SF Evaluation Data
SNIPS
#Accuracy, Robustness
Adaptation Method:
CTC Decoder: Features output by the upstream model are passed through two LSTM layers and a linear classifier with a fully connected layer. The input dimension is equal to the feature vector dimension, and the output dimension is equal to the number of slot types.
Related paper citation:
@inproceedings{graves2006connectionist,
title={Connectionist temporal classification: labelling unsegmented sequence data with recurrent neural networks},
author={Graves, Alex and Fern{'a}ndez, Santiago and Gomez, Faustino and Schmidhuber, J{"u}rgen},
booktitle={Proceedings of the 23rd international conference on Machine learning},
pages={369–376},
year={2006}
}
Data Description:
The SNIPS Natural Language Understanding benchmark is a dataset containing over 16,000 crowdsourced queries in English, distributed across 7 user intents of varying complexity: SearchCreativeWork (e.g., find me a robot TV show), GetWeather (e.g., is it windy in Boston, Massachusetts right now?), BookRestaurant (e.g., I want to book a highly rated restaurant in Paris for tomorrow night), PlayMusic (e.g., play the last track by Beyoncé on Spotify), AddToPlaylist (e.g., add Diamonds to my road trip playlist), RateBook (e.g., give six stars to Of Mice and Men), SearchScreeningEvent (e.g., check the screening time for Wonder Woman in Paris).
Dataset structure:
Amount of source data:
Training set: 13,084 items, Validation set: 700 items, Test set: 700 items.
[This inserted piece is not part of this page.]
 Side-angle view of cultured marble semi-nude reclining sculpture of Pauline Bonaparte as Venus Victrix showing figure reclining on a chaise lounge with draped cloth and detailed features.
Amount of Evaluation data:
The evaluation data volume is the public test set of 700 items.
Data detail:
KEYS | EXPLAIN |
---|---|
id | Path to the data's MP3 file |
text | Text corresponding to the MP3 file |
label | Slot type for each token |
Sample of source dataset:
{
"id":"Aditi-snips-test-0",
"text":"BOS I'D LIKE TO HAVE THIS TRACK ONTO MY CLASSICAL RELAXATIONS PLAYLIST EOS"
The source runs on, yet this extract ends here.